The task: Below this sentence is a listing; return exactly its lines from the one with "Also notice we" to the one with "We just hit", both kept, and nothing more.

Supplied data:
___
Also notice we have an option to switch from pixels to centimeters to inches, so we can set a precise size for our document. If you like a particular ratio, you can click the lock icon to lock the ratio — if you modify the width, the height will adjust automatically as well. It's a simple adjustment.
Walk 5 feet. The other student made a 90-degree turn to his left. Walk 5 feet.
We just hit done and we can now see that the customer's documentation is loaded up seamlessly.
___
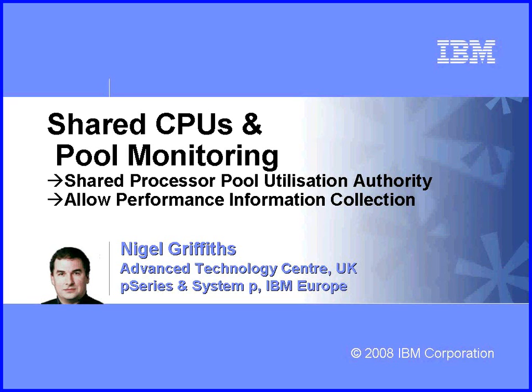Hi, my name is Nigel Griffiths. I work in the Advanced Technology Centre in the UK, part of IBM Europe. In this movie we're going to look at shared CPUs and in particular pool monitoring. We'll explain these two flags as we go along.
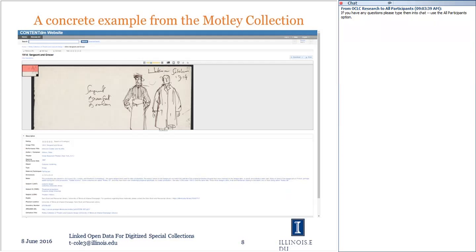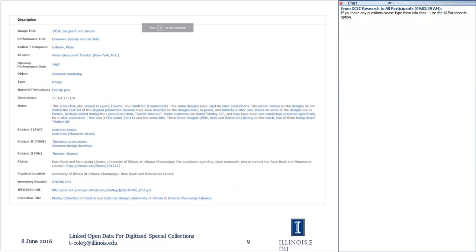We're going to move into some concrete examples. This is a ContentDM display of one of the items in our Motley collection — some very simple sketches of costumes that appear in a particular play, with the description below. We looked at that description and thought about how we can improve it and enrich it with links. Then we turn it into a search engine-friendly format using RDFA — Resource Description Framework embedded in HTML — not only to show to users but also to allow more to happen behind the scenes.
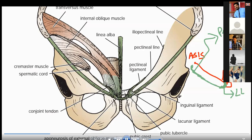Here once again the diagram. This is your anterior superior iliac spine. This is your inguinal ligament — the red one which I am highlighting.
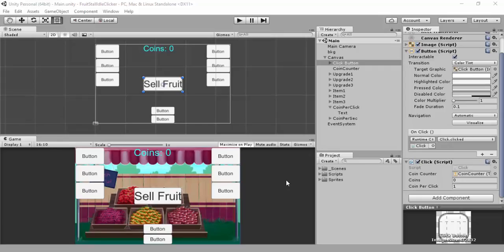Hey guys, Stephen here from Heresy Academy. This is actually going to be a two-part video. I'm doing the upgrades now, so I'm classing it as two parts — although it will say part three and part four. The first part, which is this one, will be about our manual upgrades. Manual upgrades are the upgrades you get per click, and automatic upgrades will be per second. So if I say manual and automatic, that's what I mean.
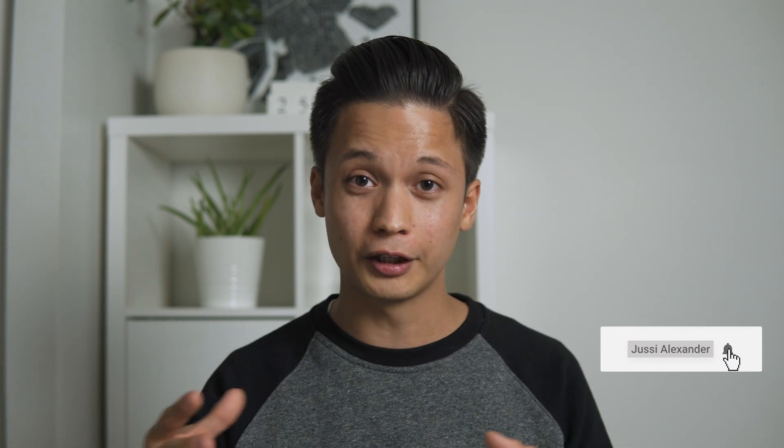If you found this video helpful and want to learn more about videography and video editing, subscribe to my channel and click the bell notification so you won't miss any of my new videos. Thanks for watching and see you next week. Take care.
___
Result:
Also notice we have an option to switch from pixels to centimeters to inches, so we can set a precise size for our document. If you like a particular ratio, you can click the lock icon to lock the ratio — if you modify the width, the height will adjust automatically as well. It's a simple adjustment.
Walk 5 feet. The other student made a 90-degree turn to his left. Walk 5 feet.
We just hit done and we can now see that the customer's documentation is loaded up seamlessly.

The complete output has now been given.